- [EXERCISE] Repeat, exactly as they appear, the lines from the one with "SHIN GODZILLA ATOMIC" through the last line of the entries below, but none of the pictures.

- [STORED DATA]
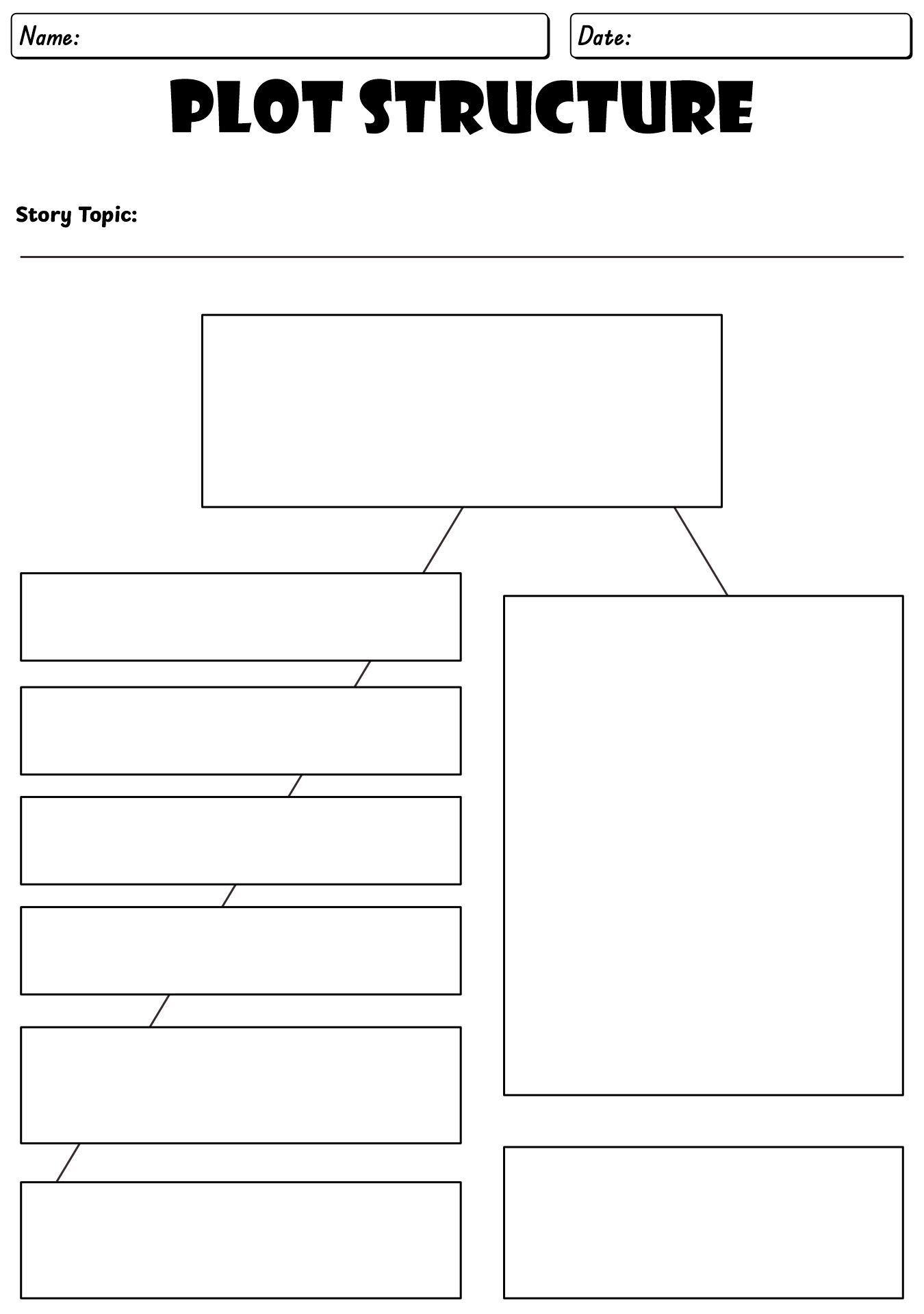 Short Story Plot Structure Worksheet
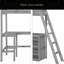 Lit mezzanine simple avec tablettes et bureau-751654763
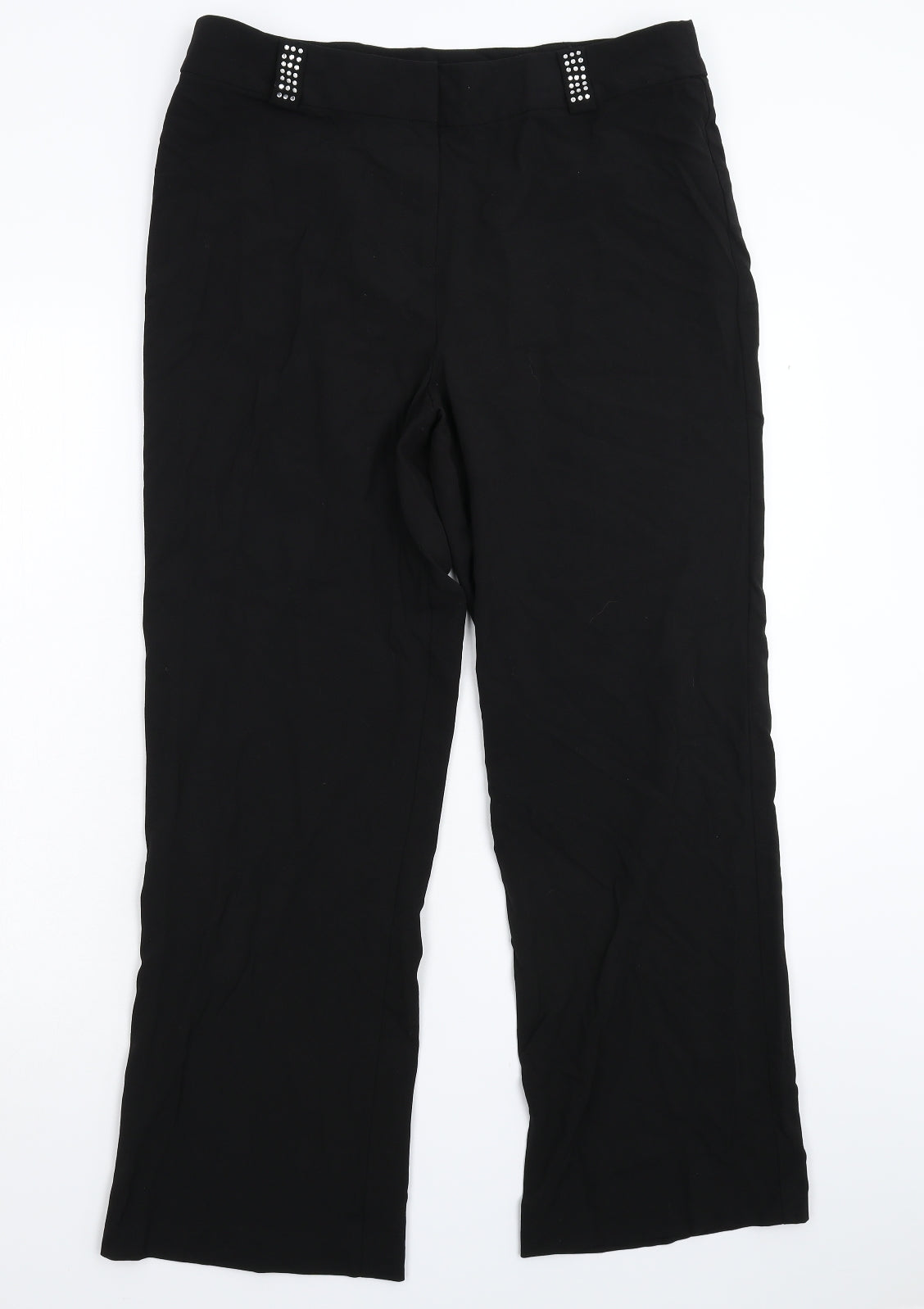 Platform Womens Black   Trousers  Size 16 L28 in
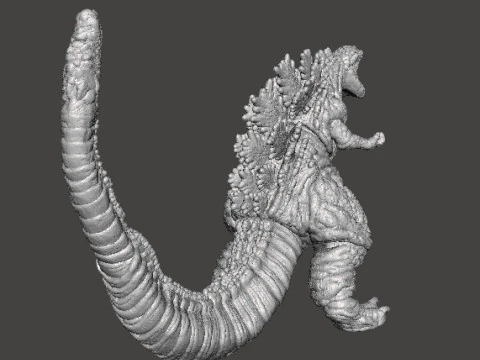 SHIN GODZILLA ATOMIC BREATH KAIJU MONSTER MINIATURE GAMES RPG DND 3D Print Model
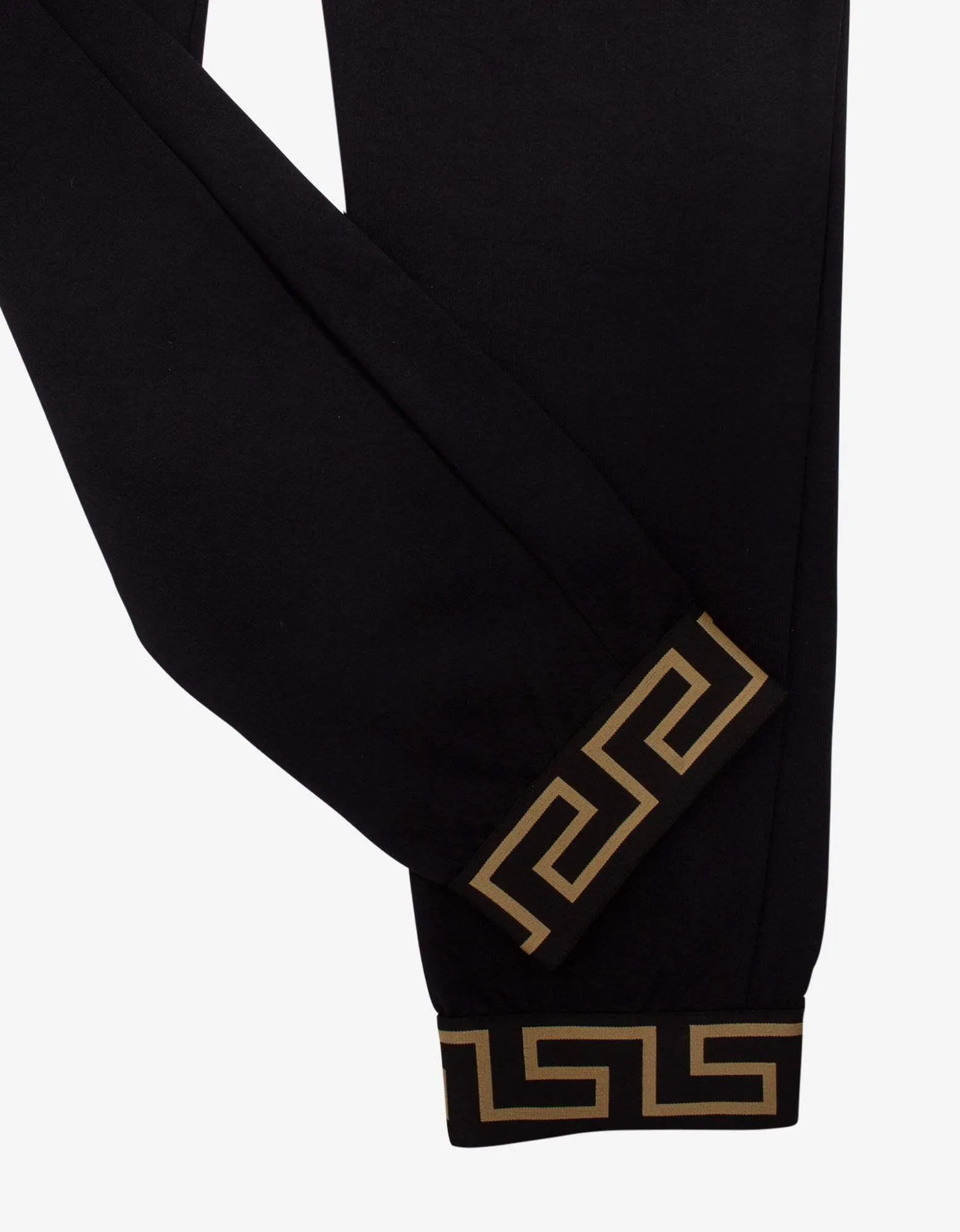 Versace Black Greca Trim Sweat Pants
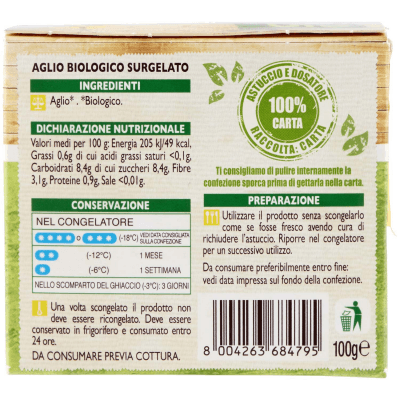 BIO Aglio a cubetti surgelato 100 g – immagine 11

- [REPLY]
 SHIN GODZILLA ATOMIC BREATH KAIJU MONSTER MINIATURE GAMES RPG DND 3D Print Model
 Versace Black Greca Trim Sweat Pants
 BIO Aglio a cubetti surgelato 100 g – immagine 11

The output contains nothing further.